Self-Consistency
Run the same prompt N times at non-zero temperature, aggregate by majority vote — higher accuracy on reasoning tasks with variance as a free confidence signal.
Intent & Description
🎯 Intent
Mitigate hallucination on reasoning-heavy tasks by aggregating across multiple independent samples.
📋 Context
Your model is mostly right on math word problems and multi-step logic, but occasionally invents a wrong intermediate chain and confidently produces the wrong answer. You can run the same prompt several times in parallel and extract a comparable answer from each.
💡 Solution
Run the same prompt N times with non-zero temperature. Extract the answer from each. Aggregate: majority vote for discrete answers, median for numeric, judge for free-form.
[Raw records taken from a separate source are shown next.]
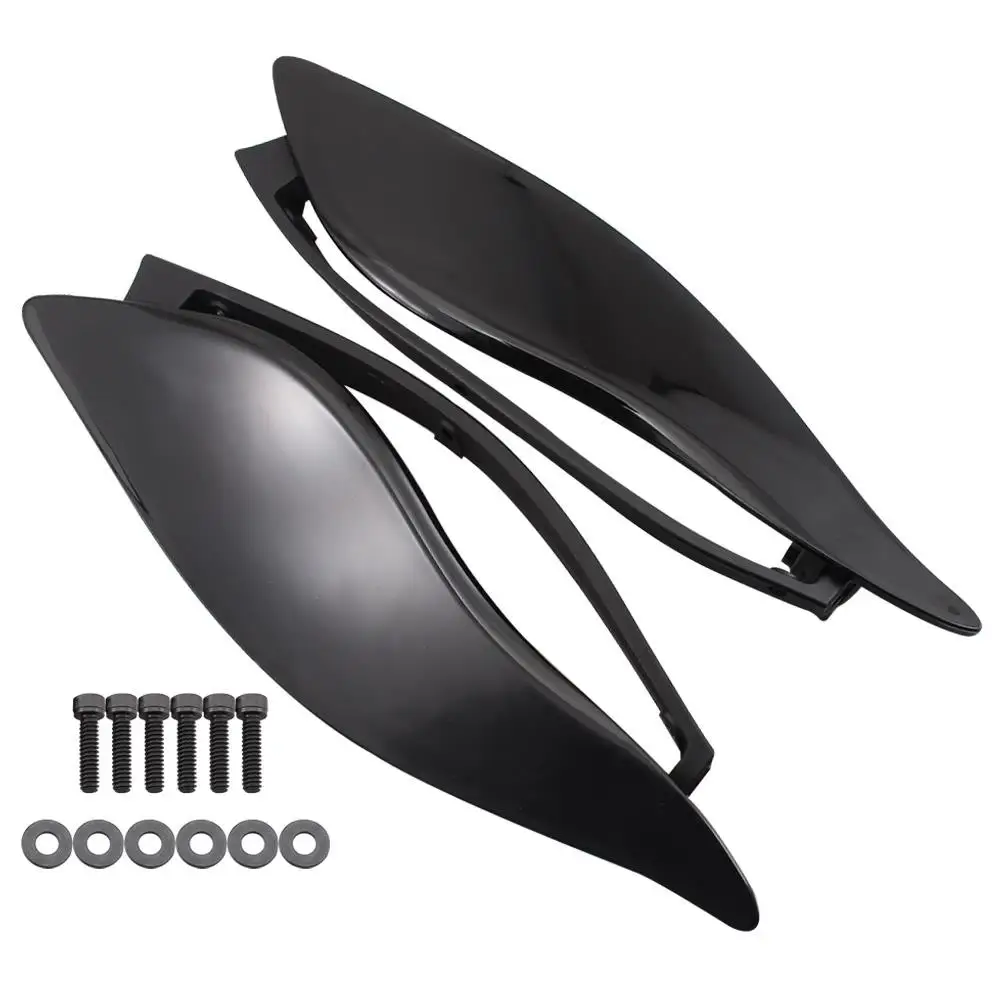 Black Side Wings Wind Air Deflectors Fit For Harley Touring Street Glide FLHX Electra Glide FLHTP Ultra Limited 2014-2020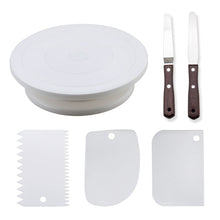 Load image into Gallery viewer, 6Pcs/Set Plastic Cake Turntable Rotating Cake Plastic Dough Pastry Decorating Cream Stand Rotary Table DIY Pan Baking Tool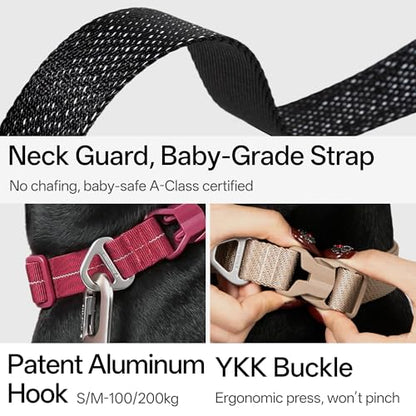 All-Weather Dog Collar Reflective Adjustable Soft Nylon QR Code Anti-Lost Collar Breathable with Quick-Release Buckle Patent Alloy Ring for Small Medium Large Dog (Light-Burgundy, M) - color: Light-Burgundy, size: M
Sample variance across runs is logged as a confidence signal.
Real-world Use Case
- Reasoning-heavy questions where the model is mostly right but sometimes invents a wrong chain.
- Answers are extractable in comparable form (discrete, numeric, or judge-able).
- Cost of N samples is acceptable relative to the quality lift.
Source
📌 TL;DR
Sample N times, majority vote wins. Accuracy goes up, cost goes up proportionally. Variance is a free confidence signal. Good fit for reasoning tasks with comparable answer formats.
Advantages
- Higher accuracy on reasoning benchmarks at moderate cost.
- Variance across samples is a free uncertainty estimate — no extra calls needed.
Disadvantages
- Cost scales linearly with N.
- Free-form aggregation requires a judge model — not truly free.